Soundness and Completeness: With Precision - mpweiher
https://bertrandmeyer.com/2019/04/21/soundness-completeness-precision/
======
bumbledraven

        > An analysis is sound if it reports all errors, and complete if it only reports errors.
    

This seems backwards. Soundness and completeness are terms from logic:

 _sound_ = every provable statement is true

 _complete_ = every true statement is provable

A statement is _provable_ if and only if it can be derived within the system.
For example, the statement "SS0 + SS0 = SSSS0" (i.e. 2+2=4) is provable in
Peano Arithmetic (PA) because it can be derived from the axioms of PA.

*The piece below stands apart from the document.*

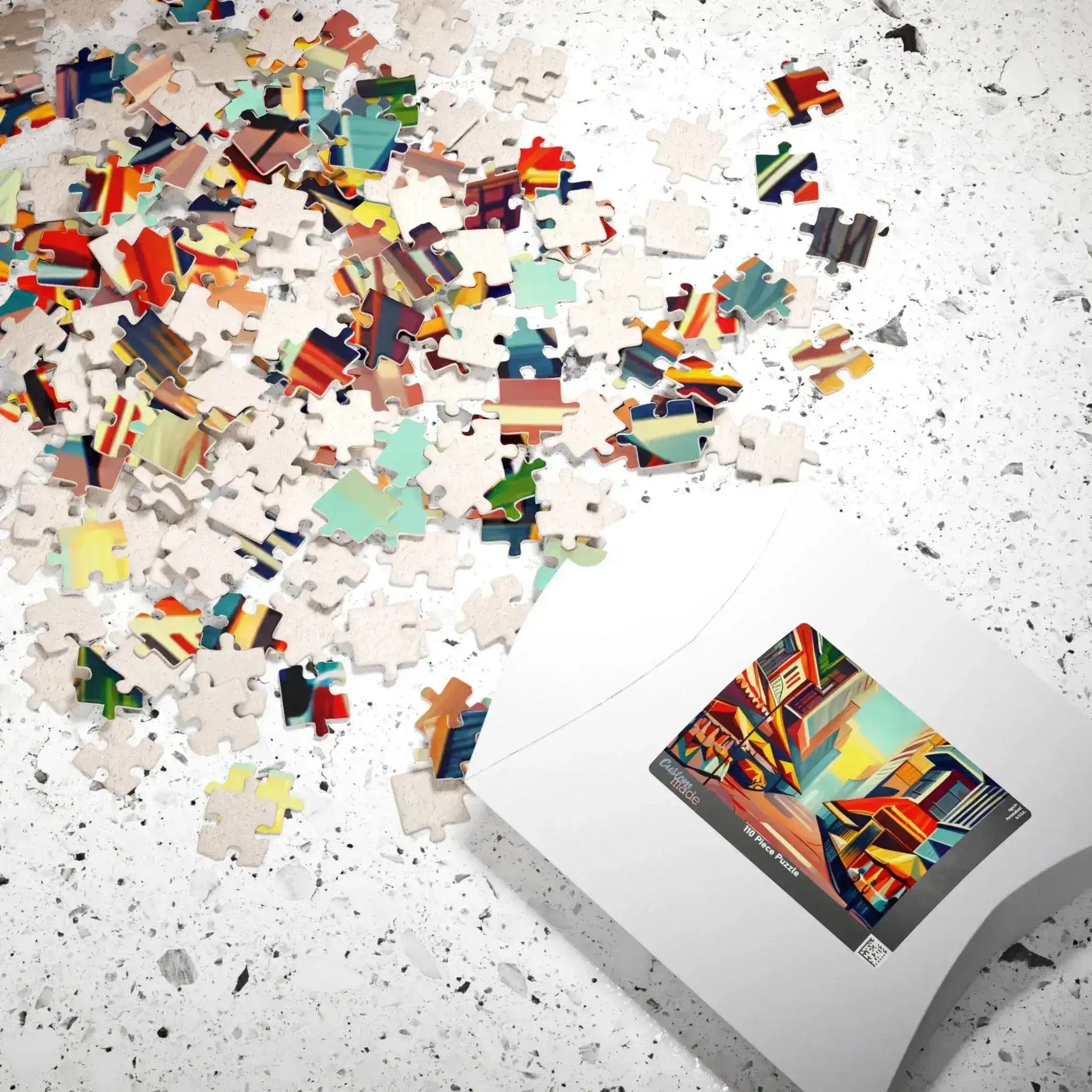 Colorful Urban Vibes puzzle pieces scattered across speckled surface beside white product box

A statement is _true_ if and only if it is actually true. For example,
Goodstein's Theorem
([https://en.wikipedia.org/wiki/Goodstein%27s_theorem](https://en.wikipedia.org/wiki/Goodstein%27s_theorem))
is true. However, Goodstein's Theorem is not provable in PA.

By definition, a logical system that allows you to prove anything, even
nonsense, is complete. Also, a logical system that doesn't allow you to prove
anything is, by definition, sound.

In a comment at the bottom of the article, the author says:

    
    
        > Soundness means: passed => not erroneous
        > Completeness means: not erroneous => passed
        >
        > or equivalently, since rejected = (not passed):
        >
        > Soundness means: not rejected => not erroneous
        > Completeness means: not erroneous => not rejected
    

This seems wrong. For one thing, _rejected_ is not necessarily equivalent to
_not passed_ , because there is a third possibility: the algorithm might fail
to terminate. This is analogous to a statement which can neither be proved nor
disproved in a given logical system.

------
ericpauley
This article seems to confuse the concept of precision somewhat. Per Michael
Hicks’ post on the same topic [1], precision is generally approaching
soundness whereas recall or sensitivity is approaching completeness.
Admittedly, I’ve also seen the term precision used far more loosely, including
to describe approximate completeness (e.g. sound and precise).

[1] (also cited in linked article) [http://www.pl-
enthusiast.net/2017/10/23/what-is-soundness-in...](http://www.pl-
enthusiast.net/2017/10/23/what-is-soundness-in-static-analysis/)